Dans "Deux", c’est le père qui se dérobe. D’abord là mais maladroit, presque brutal, il divorce puis s’efface progressivement de l’existence de la narratrice. Dès lors c’est son absence qui prendra toute la place, qui sera une douleur, un moteur et une définition. La jeune femme, pour incarner cet état de perte illégitime - puisque cette perte n’est pas un deuil et que ce n’est pas de sa fille que l’homme a divorcé - imagine son père en Landru, c’est-à-dire en une personne à la fois flamboyante et maudite, et qu’on n’a pas le droit de pleurer.
On navigue ici entre deux maux : être d’une mère inconnue ou d’un père perdu. Ce qui revient, toujours, ce qui flotte au-dessus des flaques de silence, c’est le mal d’être soi, abandonnée donc "inaimable". C’est un vide qu’on promène. On voudra le remplir, ou y disparaître.
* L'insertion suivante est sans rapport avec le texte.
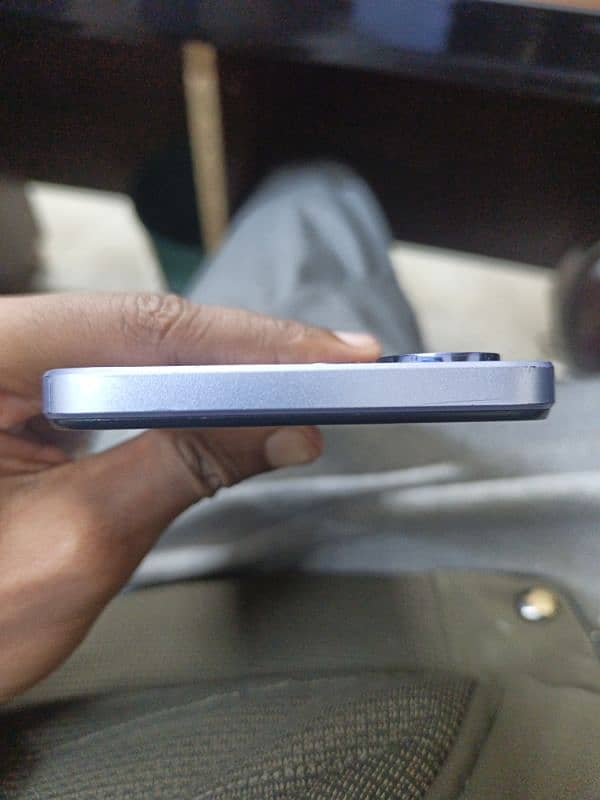 Infinix hot 30 play 4+4 /64 4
Avec ce premier roman dont la structure évoque une collection rigoureuse, entêtée presque, Aurélie Zarka parvient à composer une musique de l’absence : elle distille des pauses, tisse savamment sa toile autour des non-dits, de tout ce qu’elle accepte de ne pas savoir, et le lecteur, accroché, doit faire avec les vides et la frustration. Or c’est avant tout par ce qui manque qu’il est happé. C’est donc que l’auteur fait beaucoup mieux que convaincre, mieux que toucher même : elle contamine.